**WORK TO COMPLETE**. For the material that follows, return exactly the lines from the one with "Delhi Airport Transfer" through the one with "Canterberry Chapel - Interior 4.jpg", both ends included.

**RECORDS FOR THE EXERCISE**.
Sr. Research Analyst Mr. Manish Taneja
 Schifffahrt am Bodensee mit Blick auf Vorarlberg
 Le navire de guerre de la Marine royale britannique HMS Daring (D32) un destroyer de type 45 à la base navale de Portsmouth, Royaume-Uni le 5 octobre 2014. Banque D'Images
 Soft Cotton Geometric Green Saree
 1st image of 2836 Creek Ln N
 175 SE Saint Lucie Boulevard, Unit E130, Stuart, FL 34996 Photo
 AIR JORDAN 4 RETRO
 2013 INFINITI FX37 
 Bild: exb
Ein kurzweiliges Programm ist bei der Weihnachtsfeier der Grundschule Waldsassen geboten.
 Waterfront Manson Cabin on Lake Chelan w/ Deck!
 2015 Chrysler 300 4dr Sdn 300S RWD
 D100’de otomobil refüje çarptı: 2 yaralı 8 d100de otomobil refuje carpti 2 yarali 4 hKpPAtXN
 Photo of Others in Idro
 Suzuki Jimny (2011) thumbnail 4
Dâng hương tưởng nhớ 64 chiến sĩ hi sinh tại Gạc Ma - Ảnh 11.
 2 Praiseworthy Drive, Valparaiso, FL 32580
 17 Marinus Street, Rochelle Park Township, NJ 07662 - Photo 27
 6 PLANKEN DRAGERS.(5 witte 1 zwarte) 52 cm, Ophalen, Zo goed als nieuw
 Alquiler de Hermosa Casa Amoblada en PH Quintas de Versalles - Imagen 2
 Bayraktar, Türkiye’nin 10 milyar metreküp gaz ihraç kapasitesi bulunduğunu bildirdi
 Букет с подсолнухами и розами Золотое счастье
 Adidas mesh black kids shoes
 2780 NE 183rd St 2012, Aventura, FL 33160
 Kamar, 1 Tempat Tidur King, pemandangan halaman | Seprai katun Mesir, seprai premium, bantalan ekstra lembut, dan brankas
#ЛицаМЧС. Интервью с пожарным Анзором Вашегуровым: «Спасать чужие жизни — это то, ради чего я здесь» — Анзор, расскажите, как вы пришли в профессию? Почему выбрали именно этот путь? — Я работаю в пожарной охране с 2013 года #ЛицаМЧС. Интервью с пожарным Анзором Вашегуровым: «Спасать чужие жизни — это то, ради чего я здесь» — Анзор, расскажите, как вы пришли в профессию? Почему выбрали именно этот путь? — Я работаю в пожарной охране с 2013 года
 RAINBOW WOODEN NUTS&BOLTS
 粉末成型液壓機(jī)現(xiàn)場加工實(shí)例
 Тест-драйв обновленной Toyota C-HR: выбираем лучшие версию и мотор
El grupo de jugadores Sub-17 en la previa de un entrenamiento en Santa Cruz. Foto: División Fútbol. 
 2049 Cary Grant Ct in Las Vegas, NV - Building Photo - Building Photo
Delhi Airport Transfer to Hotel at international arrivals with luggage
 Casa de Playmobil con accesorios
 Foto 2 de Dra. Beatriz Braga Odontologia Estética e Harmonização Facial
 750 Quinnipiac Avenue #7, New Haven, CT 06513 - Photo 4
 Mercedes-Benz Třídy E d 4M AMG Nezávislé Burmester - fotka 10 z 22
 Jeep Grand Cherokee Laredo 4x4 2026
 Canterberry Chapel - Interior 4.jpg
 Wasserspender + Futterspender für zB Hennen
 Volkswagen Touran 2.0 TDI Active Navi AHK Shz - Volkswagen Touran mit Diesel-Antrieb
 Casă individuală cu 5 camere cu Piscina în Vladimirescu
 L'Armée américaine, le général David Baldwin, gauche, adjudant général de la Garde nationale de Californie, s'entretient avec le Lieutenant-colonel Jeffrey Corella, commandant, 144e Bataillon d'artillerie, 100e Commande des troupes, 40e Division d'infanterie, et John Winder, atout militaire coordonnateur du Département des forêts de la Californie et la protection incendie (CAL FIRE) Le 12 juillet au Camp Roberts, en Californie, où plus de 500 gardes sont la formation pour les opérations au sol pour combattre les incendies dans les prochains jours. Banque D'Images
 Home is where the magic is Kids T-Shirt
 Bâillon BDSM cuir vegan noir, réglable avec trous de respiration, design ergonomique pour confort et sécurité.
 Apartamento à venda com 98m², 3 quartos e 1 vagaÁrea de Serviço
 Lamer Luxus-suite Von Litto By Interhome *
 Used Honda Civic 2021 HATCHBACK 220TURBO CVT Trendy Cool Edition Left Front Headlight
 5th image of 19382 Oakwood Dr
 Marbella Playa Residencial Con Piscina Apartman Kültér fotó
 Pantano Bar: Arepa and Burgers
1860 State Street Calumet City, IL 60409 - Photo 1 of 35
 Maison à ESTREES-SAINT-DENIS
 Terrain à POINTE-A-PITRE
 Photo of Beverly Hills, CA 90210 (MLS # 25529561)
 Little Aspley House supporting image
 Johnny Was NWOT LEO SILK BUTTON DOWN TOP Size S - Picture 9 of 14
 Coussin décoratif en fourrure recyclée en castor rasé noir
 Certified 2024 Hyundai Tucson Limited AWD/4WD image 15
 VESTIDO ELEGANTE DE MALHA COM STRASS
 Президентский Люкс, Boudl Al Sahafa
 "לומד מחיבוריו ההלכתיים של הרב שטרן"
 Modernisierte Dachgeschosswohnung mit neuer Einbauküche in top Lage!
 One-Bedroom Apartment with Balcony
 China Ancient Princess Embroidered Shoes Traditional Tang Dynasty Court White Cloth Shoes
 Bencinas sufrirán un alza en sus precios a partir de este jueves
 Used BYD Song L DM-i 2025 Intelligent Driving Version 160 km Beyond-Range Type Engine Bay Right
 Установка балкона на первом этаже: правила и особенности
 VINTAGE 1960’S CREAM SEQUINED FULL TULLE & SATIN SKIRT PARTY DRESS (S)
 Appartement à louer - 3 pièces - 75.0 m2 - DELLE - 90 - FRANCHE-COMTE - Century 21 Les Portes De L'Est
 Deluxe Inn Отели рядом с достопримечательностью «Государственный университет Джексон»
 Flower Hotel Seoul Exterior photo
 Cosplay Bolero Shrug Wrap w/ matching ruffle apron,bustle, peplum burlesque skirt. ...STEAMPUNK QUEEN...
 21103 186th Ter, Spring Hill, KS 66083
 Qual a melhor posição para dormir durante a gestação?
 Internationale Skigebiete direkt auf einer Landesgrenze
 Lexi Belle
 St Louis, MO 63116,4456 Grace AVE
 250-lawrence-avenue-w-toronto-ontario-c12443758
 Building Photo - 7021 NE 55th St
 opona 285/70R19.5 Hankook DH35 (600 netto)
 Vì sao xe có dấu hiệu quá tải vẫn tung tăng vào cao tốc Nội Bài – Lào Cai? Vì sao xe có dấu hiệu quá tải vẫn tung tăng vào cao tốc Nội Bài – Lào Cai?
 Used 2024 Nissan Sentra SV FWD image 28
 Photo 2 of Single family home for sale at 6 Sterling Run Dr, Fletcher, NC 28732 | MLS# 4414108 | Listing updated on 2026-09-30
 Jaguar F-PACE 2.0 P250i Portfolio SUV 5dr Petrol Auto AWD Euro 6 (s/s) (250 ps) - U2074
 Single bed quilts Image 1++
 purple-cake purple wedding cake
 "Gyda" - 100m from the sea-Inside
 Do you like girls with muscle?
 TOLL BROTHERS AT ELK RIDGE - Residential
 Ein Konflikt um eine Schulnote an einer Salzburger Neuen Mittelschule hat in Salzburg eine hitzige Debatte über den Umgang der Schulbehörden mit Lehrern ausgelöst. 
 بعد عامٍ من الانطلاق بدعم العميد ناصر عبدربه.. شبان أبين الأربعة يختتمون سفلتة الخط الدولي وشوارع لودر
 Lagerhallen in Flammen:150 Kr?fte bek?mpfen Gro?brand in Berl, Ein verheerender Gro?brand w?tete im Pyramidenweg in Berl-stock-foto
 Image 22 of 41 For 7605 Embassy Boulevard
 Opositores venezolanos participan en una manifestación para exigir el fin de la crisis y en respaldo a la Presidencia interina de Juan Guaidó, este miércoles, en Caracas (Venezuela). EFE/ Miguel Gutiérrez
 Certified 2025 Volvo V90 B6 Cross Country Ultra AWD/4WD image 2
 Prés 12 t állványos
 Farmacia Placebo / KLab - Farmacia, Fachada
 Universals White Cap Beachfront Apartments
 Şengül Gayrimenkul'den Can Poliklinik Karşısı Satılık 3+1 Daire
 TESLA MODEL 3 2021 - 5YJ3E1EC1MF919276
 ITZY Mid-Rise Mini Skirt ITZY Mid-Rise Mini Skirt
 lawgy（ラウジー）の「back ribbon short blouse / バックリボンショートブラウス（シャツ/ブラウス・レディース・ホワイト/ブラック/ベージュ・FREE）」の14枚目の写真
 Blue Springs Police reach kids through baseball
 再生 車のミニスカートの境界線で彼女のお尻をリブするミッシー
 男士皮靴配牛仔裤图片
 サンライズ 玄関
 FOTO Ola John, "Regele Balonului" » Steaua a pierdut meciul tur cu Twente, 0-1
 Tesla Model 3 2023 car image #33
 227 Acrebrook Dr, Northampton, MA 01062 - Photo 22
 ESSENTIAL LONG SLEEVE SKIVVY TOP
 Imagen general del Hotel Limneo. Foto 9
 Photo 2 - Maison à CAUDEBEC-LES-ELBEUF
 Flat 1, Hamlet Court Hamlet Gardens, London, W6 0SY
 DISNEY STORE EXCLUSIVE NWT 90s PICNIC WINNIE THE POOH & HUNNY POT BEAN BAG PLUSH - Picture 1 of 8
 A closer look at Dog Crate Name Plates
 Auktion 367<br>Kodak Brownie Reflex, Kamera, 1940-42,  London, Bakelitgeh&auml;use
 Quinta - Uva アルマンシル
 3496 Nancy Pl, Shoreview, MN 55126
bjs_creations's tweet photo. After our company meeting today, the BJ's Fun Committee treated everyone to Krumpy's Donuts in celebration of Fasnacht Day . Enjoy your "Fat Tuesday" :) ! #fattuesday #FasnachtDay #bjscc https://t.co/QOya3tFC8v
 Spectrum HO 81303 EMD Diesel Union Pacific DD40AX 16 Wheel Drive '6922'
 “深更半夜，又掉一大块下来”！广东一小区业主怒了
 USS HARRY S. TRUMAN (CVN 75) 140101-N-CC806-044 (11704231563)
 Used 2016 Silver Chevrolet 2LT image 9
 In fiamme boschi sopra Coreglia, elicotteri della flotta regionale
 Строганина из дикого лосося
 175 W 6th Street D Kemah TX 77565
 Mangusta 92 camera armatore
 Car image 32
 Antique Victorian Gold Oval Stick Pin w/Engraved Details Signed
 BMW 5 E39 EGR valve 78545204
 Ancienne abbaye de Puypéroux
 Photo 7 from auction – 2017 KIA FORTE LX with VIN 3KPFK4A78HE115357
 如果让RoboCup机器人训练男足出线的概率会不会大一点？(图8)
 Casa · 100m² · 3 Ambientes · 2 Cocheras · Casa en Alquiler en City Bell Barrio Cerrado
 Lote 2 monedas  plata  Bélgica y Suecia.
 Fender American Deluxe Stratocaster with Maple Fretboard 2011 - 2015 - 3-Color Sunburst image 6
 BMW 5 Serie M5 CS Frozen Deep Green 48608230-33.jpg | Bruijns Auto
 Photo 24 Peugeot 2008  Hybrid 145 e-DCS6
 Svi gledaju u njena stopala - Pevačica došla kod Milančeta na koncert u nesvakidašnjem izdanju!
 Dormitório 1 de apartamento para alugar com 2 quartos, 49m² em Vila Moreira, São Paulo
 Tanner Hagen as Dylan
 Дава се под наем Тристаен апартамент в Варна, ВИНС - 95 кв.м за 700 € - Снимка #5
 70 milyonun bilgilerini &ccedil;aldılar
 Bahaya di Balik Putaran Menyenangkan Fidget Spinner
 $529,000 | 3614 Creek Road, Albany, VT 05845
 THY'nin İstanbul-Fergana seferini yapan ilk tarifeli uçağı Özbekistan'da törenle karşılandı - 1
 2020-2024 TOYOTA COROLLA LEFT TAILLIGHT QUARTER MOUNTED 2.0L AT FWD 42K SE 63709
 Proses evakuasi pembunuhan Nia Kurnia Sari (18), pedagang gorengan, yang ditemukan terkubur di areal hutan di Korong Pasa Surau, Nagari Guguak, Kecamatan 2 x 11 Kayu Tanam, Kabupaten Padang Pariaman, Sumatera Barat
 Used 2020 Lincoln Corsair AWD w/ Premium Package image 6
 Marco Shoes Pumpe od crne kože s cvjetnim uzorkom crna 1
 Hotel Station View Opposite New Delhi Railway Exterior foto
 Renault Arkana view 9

**EXERCISE SOLUTION**.
Delhi Airport Transfer to Hotel at international arrivals with luggage
 Casa de Playmobil con accesorios
 Foto 2 de Dra. Beatriz Braga Odontologia Estética e Harmonização Facial
 750 Quinnipiac Avenue #7, New Haven, CT 06513 - Photo 4
 Mercedes-Benz Třídy E d 4M AMG Nezávislé Burmester - fotka 10 z 22
 Jeep Grand Cherokee Laredo 4x4 2026
 Canterberry Chapel - Interior 4.jpg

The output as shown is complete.